After months of speculation and anticipation, OpenAI has released the production version of its advanced reasoning model, Project Strawberry, which has been renamed “o1.” It is joined by a “mini” version (just as GPT-4o was) that will offer faster and more responsive interactions at the expense of leveraging a larger knowledge base.
It appears that o1 offers a mixed bag of technical advancements. It’s the first in OpenAI’s line of reasoning models designed to use humanlike deduction to answer complex questions on subjects — including science, coding, and math — faster than humans can.

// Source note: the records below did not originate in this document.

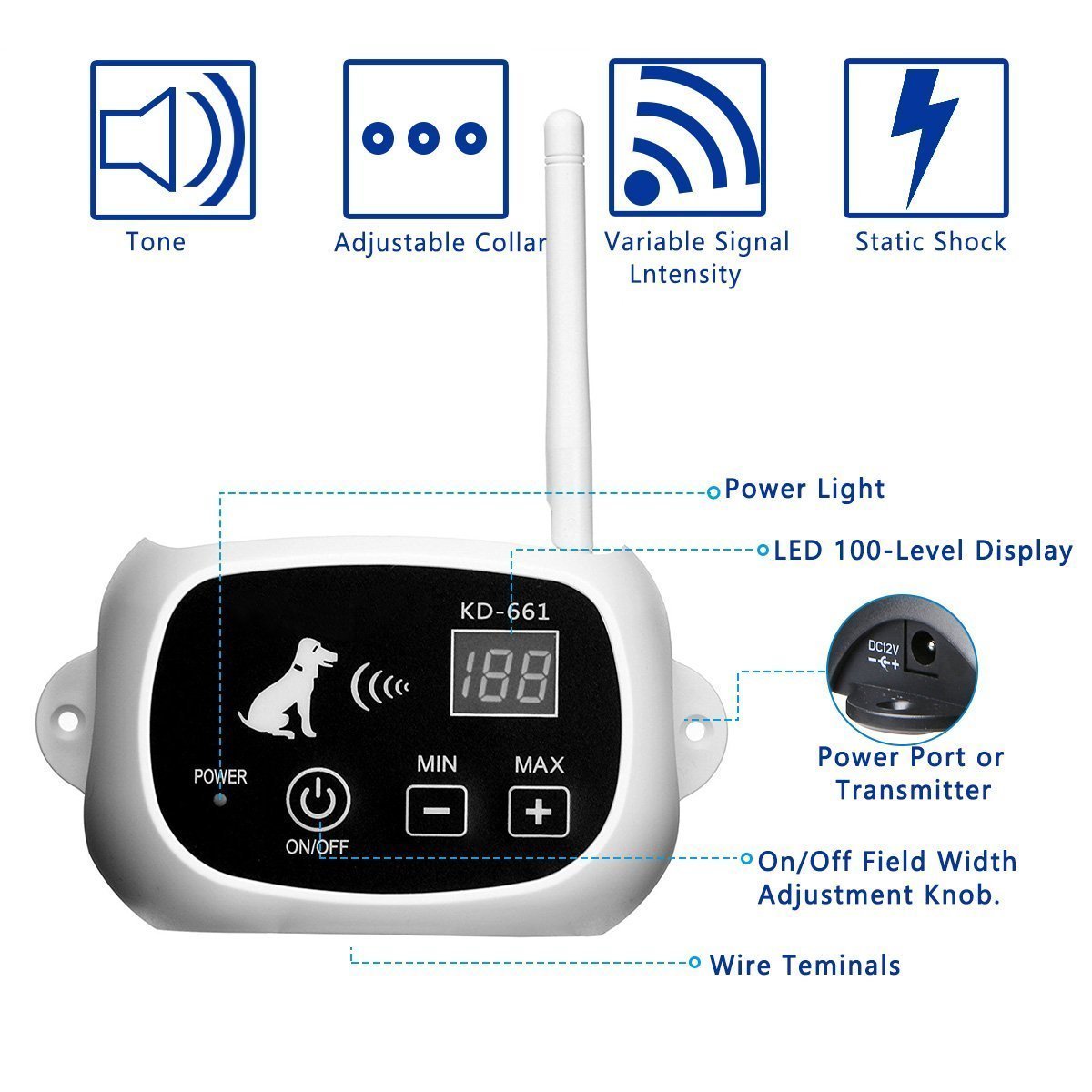 CarePetMost Wireless Electric Dog Fence System Outdoor Invisible Wireless Dog Fence Containment System 550YD Remote Control Dogs Rechargeable Waterproof Receiver Beep/Shock/Static Mode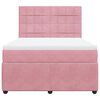 vidaXL Boxspring met matras fluweel roze 140x200 cm
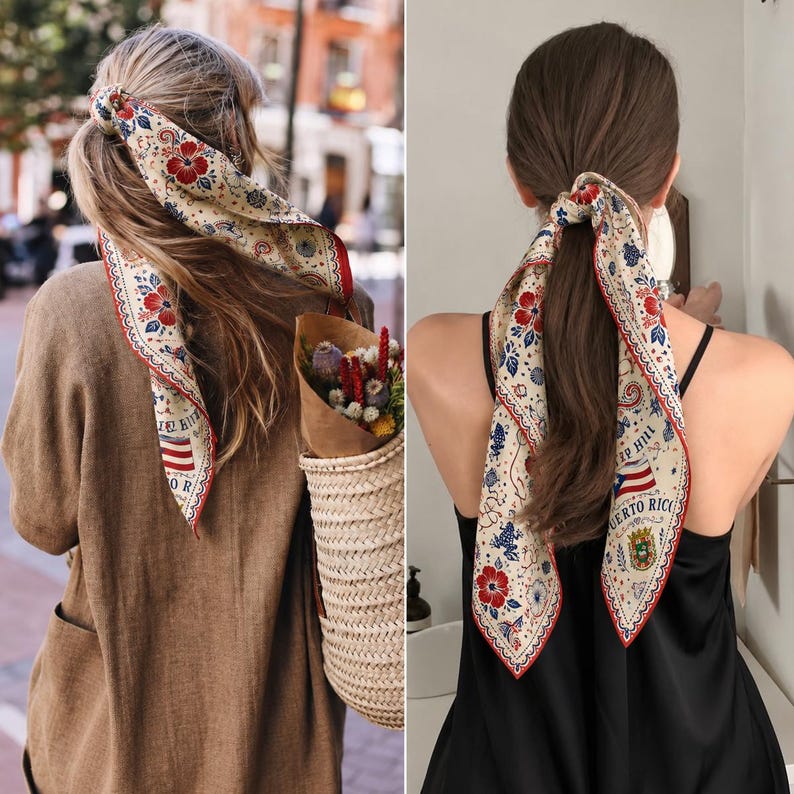 Custom Puerto Rico Scarf, Custom Puerto Rico Bandana, Beautiful Soft Puerto Rico Flag Pattern Scarf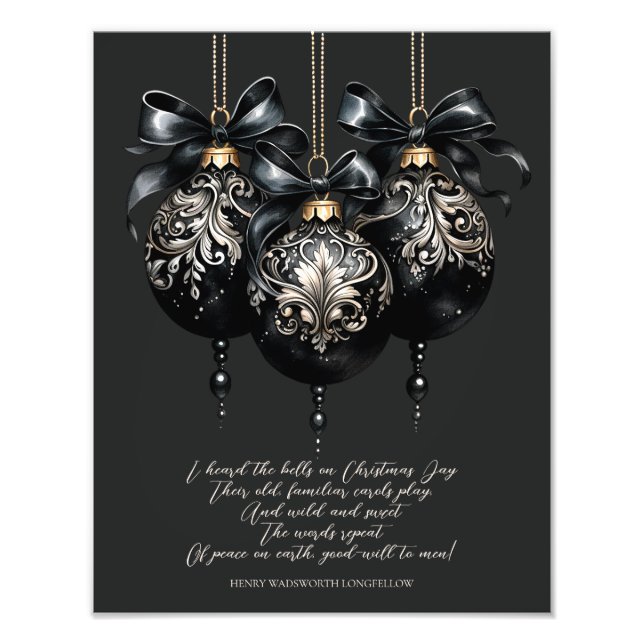 Elegantes schwarzes Gold baubles Luxusgedicht Fotodruck (Vorne)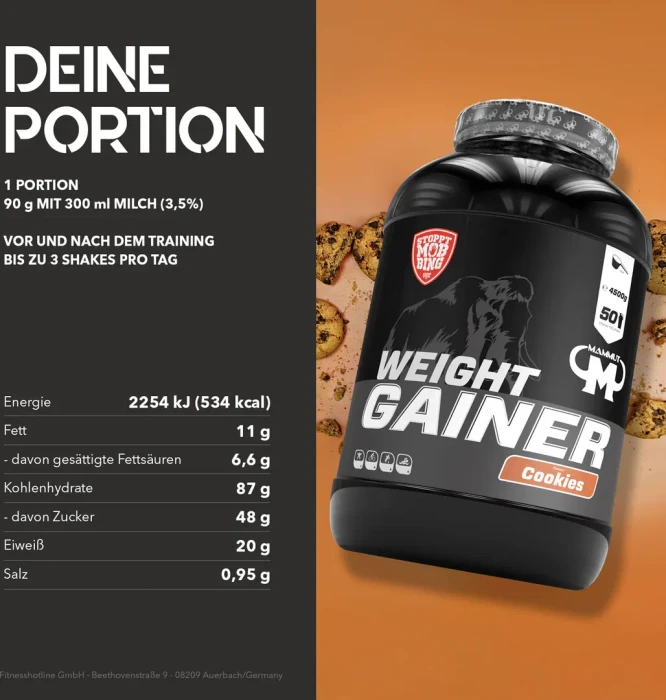 Mammut Nutrition Weight Gainer Crash 5000 Cookies 4.5kg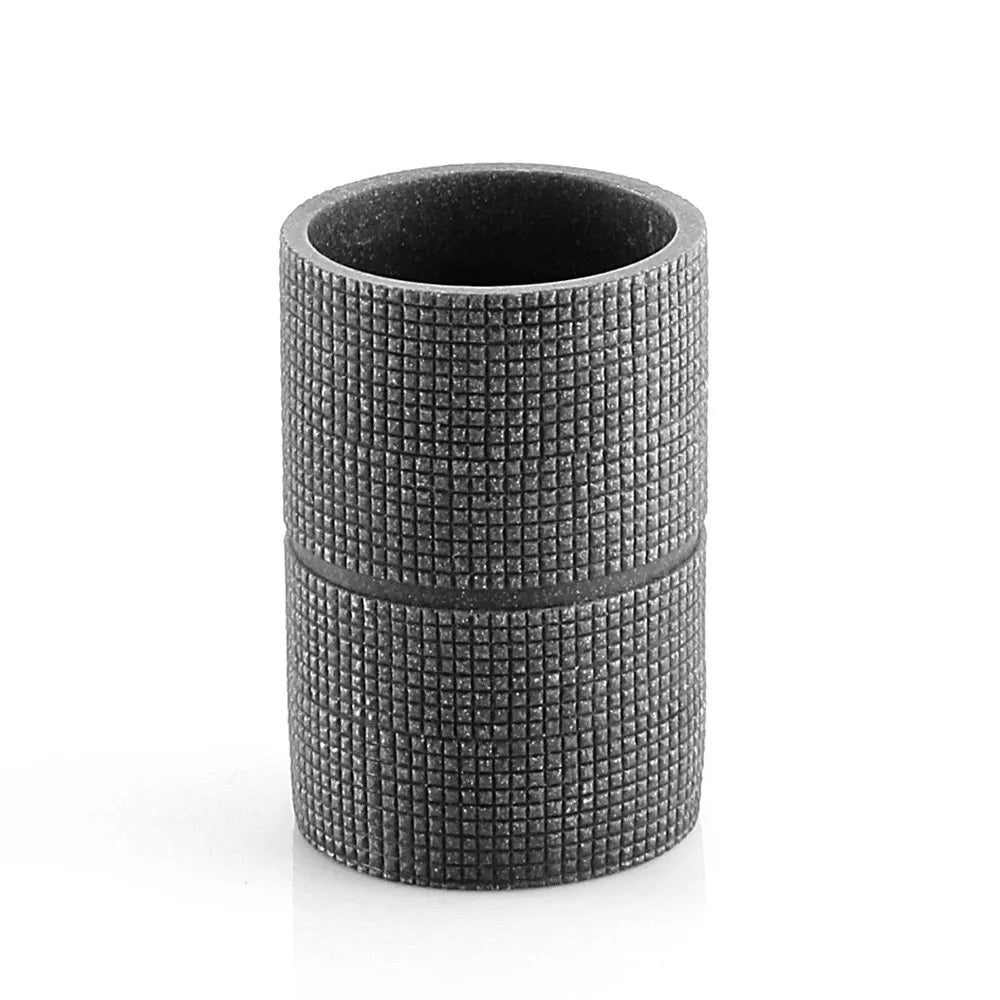 Portaspazzolini da appoggio grigio Gedy serie Petra in resina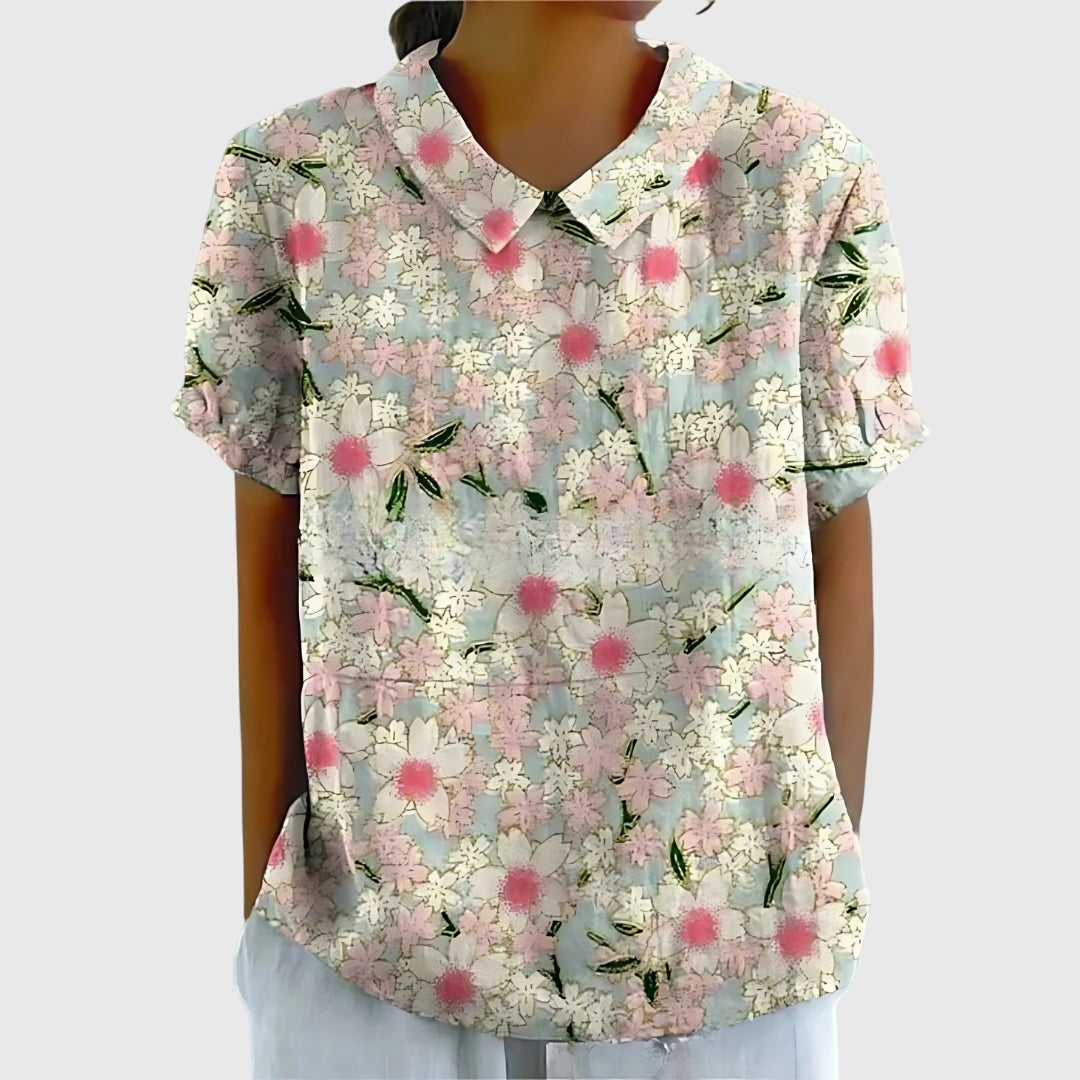 Blomsterdröm | Elegant Kortärmad Blus för Sommaren
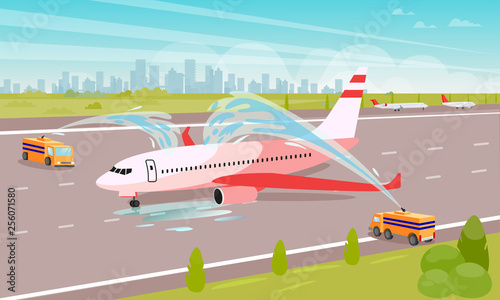 Tidy Up Airplane at Parking Flat Illustration.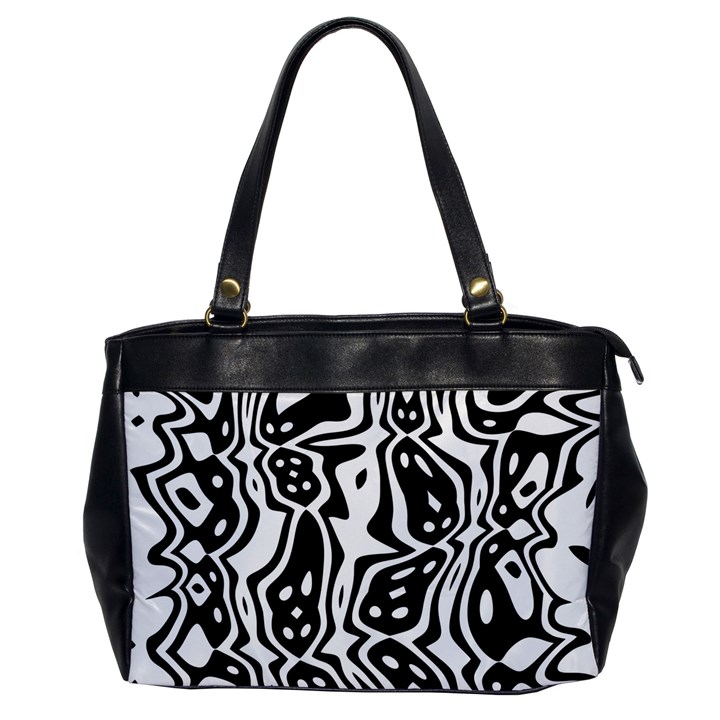 Black and White Abstract Stripe Pattern Oversize Office Handbag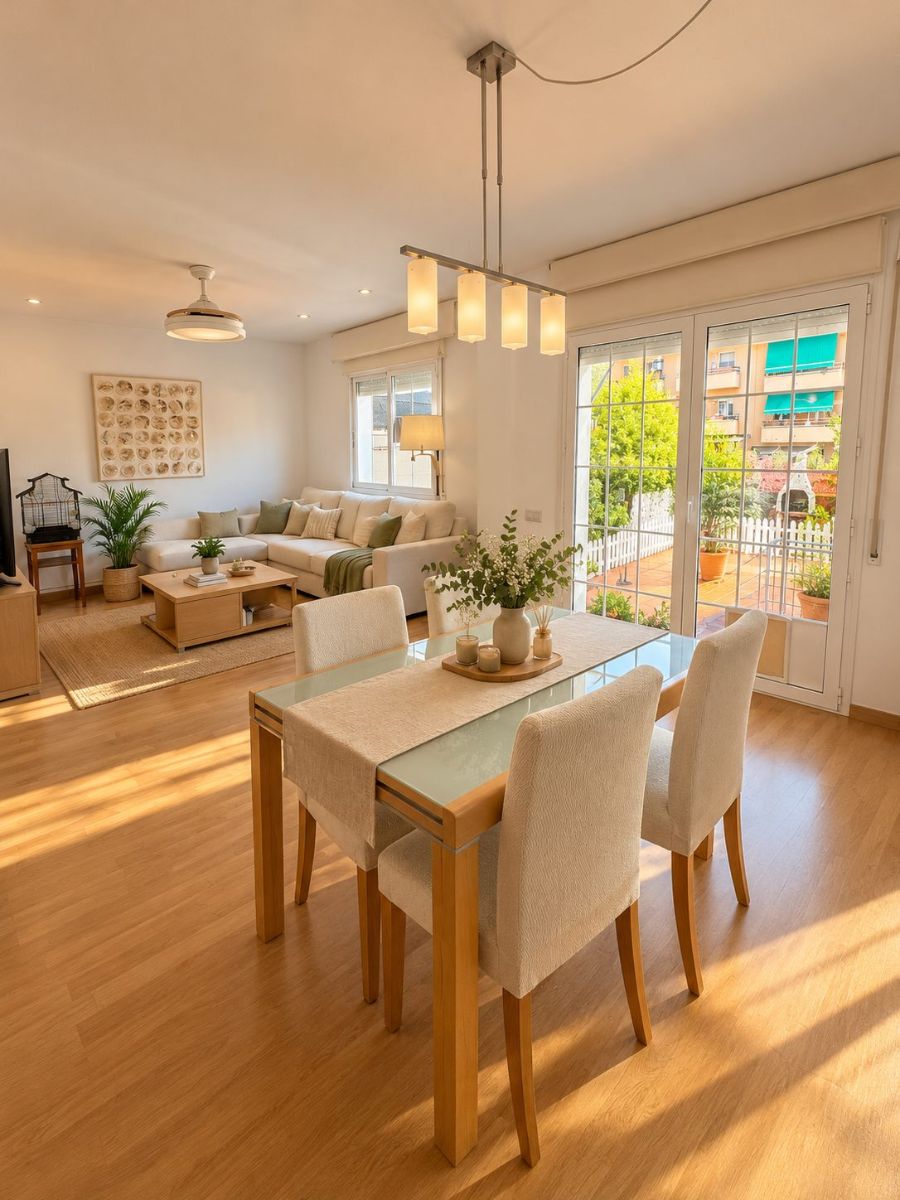 Piso exterior con gran terraza-jardín privada en Cubelles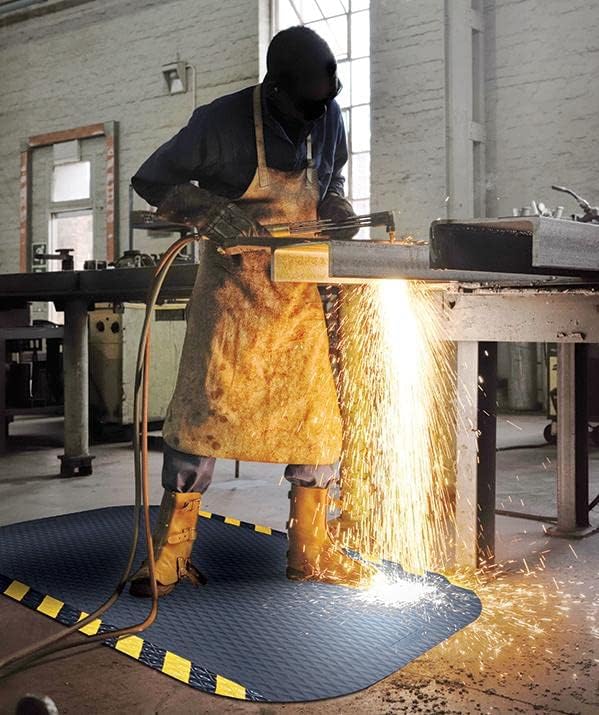 American Floor Mats Hog Heaven 5/8 inch Black & Black Border 5' x 6' Nitrile Backed Anti-Fatigue Comfort Mat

For example, during testing, o1 was fed a qualifying exam for the International Mathematics Olympiad. While its predecessor, GPT-4o, only managed to correctly solve 13% of the problems presented, o1 got 83% of them right. In an online Codeforces competition, o1 scored in the 89th percentile. What’s more, o1 can respond to queries that stumped previous models (like, “which is bigger, 9.11 or 9.9?”). However, the company makes clear that this release is only a preview of the neophyte model’s full capabilities.
The new o1 “has been trained using a completely new optimization algorithm and a new training dataset specifically tailored for it,” OpenAI’s research lead, Jerry Tworek, told The Verge. Using a combination of reinforcement learning and “chain of thought” reasoning, o1 reportedly returns more accurate inferences than its predecessor. “We have noticed that this model hallucinates less,” Tworek said, however, “we can’t say we solved hallucinations.”
Both ChatGPT-Plus and Teams subscribers will be able to test out o1 and o1-mini beginning today. Enterprise and Edu subscribers should have access by next week.
The company says that o1-mini will eventually become available to free-tier users, though it did not specify a timeline. Developers will notice a steep increase in the API pricing for o1, compared to GPT-4o. Access to o1 will cost $15 per million input tokens (compared to $5 per million for GPT-4o) and $60 per million output tokens, four times more than 4o’s $5 per million fee. The real question is whether the new model thinks the word “strawberry” contains two R’s or three.